幸運な医者 8

 松田道雄さんは、「安楽に死にたい」という本をだしていて、この本は自宅の
どこかにあるのですが、すぐにはでてこないものですから、内容を確認することが
できません。
 安楽に死なせることができるはずというのが、松田道雄さんの晩年のテーマで
あったようです。昨日に引用したように松田道雄さんは、医療機関にではなく、
優秀なスタッフがいる介護施設のほうに可能性を見いだしていたようであります。
松田道雄さんの奥様が亡くなった施設のスタッフの仕事ぶりについて記しているの
でありますが、これはどう考えても例外的な存在の施設でありましょう。
 こうした例外的な存在の施設が、日本では当たり前の話とならなくては、日本
人民は安心していられないともありました。こうした施設を増やしていくことが、
日本にとっての課題だそうです。
 晩年になって、再びたばこを吸うようになった、旧制中学以来の友人である
本野亨一さんの死についてであります。
「本野君は八十二歳でなくなった。朝、二階の書斎に奥さんがトーストをもって
あがっていくとソファに姿がない。みると絨毯のうえにたおれていた。意識のない
まま病院にいった。そこで一週間、意識がすっかり回復しないまま逝った。
おそらく脳卒中だったろう。
十年ちかく禁煙していたのに、晩年吸いだしたのは食事のあとのたばこのうまさを
やめてまで、余生をながくしようとはおもわなかったのだろう。たぐいまれな
文学者の自由な選択だった。」
 安楽な死であったかどうかは不明でありますが、松田道雄さんは、こうした逝き
かたに肯定的であります。
 さて松田さんご自身の亡くなり方はどうでしょう。
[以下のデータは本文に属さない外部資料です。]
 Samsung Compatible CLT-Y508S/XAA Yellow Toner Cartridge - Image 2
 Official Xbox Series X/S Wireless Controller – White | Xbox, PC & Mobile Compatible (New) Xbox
主治医であった堀川病院の
早川一光さんが岩波の「図書」に寄せた文章が、「幸運な医者」には収録されて
います。
「 この人が、五月三十一日、深夜、急に心筋梗塞発作で意識を失い、家族に見守
られて亡くなられた。私も主治医として、ジーッとそれを見つめた。
 私は先生のその亡くなり方に、歌舞伎、『勧進帳』の幕切れの一場をみた。」
 自宅で家族に見守られてなくなるというのは、現在ではきわめて稀ななくなり
方でありまして、それこそ安楽な死の実践であったように思えます。